--- START ---

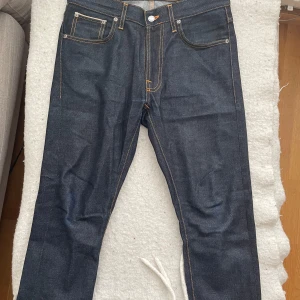 Mörkblå jeans från Nudie Jeans - Säljer ett par mörkblå jeans från Nudie Jeans med klassisk femficksdesign och kontrastsömmar. Jeansen har raka ben och normal passform. Riktigt fint skick. Storlek 30/30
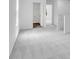 Bright hallway featuring neutral carpeting and a view of a closet and another room at 209 Groveton Ct, Euharlee, GA 30145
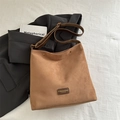 Brown faux suede hobo bag with adjustable strap and vintage brand label on white cloth - Brown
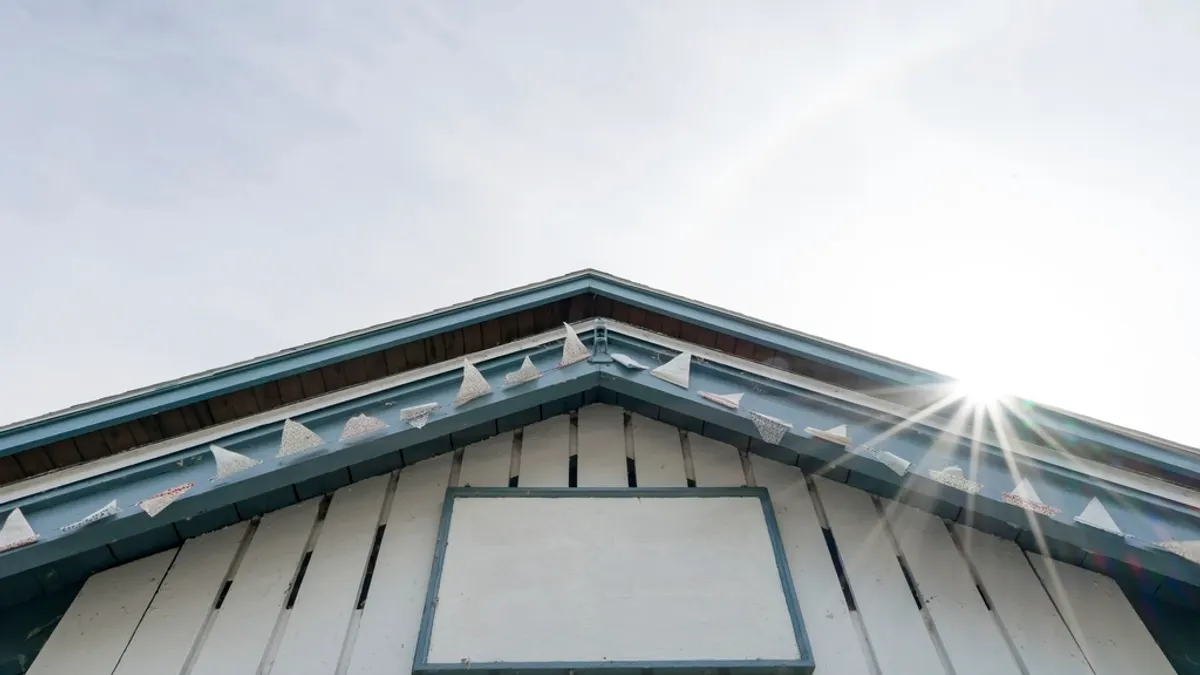 Leeg bord aan de houten gevel van een vakantiehuis, plek voor huisregels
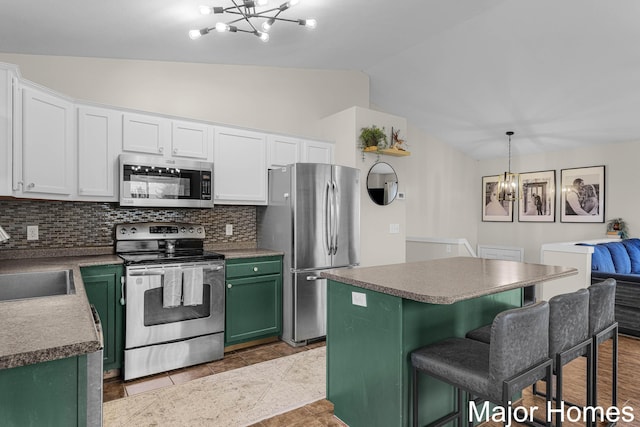 kitchen featuring green cabinets, stainless steel appliances, lofted ceiling, and a chandelier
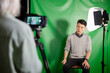 © PhotoAlto - Young adult man giving an interview while sitting against green screen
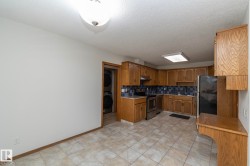 Kitchen featuring wood cabinetry, tile flooring, stainless steel appliances, and a blue tile backsplash - 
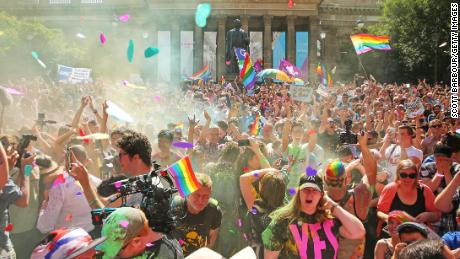 MELBOURNE, AUSTRALIA - NOVEMBER 15:  People in the crowd celebrate as the result is announced during the Official Melbourne Postal Survey Result Announcement at the State Library of Victoria on November 15, 2017 in Melbourne, Australia. Australians have voted for marriage laws to be changed to allow same-sex marriage, with the Yes vote defeating No. Despite the Yes victory, the outcome of Australian Marriage Law Postal Survey is not binding, and the process to change current laws will move to the Australian Parliament in Canberra.  (Photo by Scott Barbour/Getty Images)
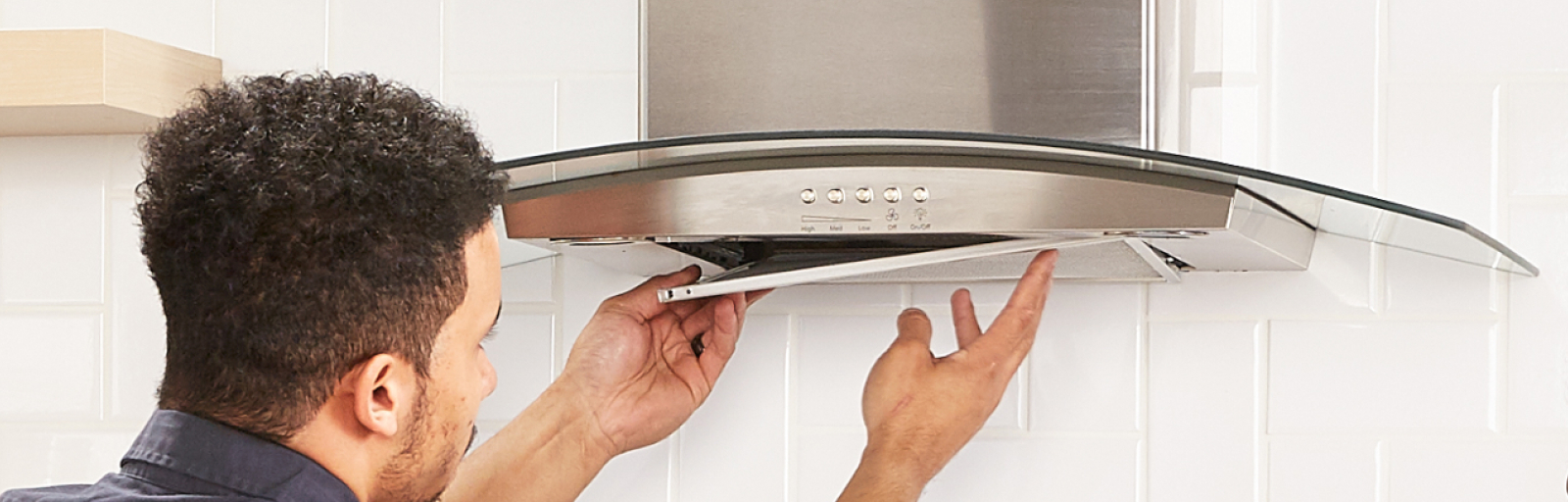 A professional installs the cover for a range hood.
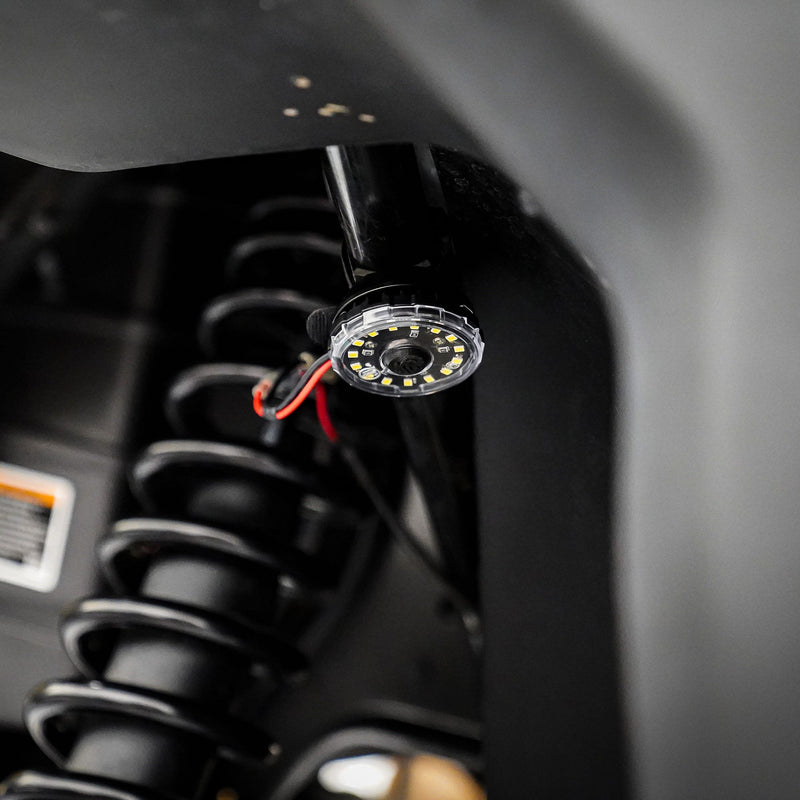 KC HiLiTES Cyclone V2 LED Light on a vehicle: single round clear LED light mounted inside a wheel well beside a black coil-over shock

--- END ---

*TASK OBJECTIVE*
Give the data again exactly as it appears, but without any images.

*RESPONSE TO THE EXERCISE*
 Mörkblå jeans från Nudie Jeans - Säljer ett par mörkblå jeans från Nudie Jeans med klassisk femficksdesign och kontrastsömmar. Jeansen har raka ben och normal passform. Riktigt fint skick. Storlek 30/30
 Bright hallway featuring neutral carpeting and a view of a closet and another room at 209 Groveton Ct, Euharlee, GA 30145
 Brown faux suede hobo bag with adjustable strap and vintage brand label on white cloth - Brown
 Leeg bord aan de houten gevel van een vakantiehuis, plek voor huisregels
 kitchen featuring green cabinets, stainless steel appliances, lofted ceiling, and a chandelier
 © PhotoAlto - Young adult man giving an interview while sitting against green screen
 Kitchen featuring wood cabinetry, tile flooring, stainless steel appliances, and a blue tile backsplash - 
 MELBOURNE, AUSTRALIA - NOVEMBER 15:  People in the crowd celebrate as the result is announced during the Official Melbourne Postal Survey Result Announcement at the State Library of Victoria on November 15, 2017 in Melbourne, Australia. Australians have voted for marriage laws to be changed to allow same-sex marriage, with the Yes vote defeating No. Despite the Yes victory, the outcome of Australian Marriage Law Postal Survey is not binding, and the process to change current laws will move to the Australian Parliament in Canberra.  (Photo by Scott Barbour/Getty Images)
 A professional installs the cover for a range hood.
 KC HiLiTES Cyclone V2 LED Light on a vehicle: single round clear LED light mounted inside a wheel well beside a black coil-over shock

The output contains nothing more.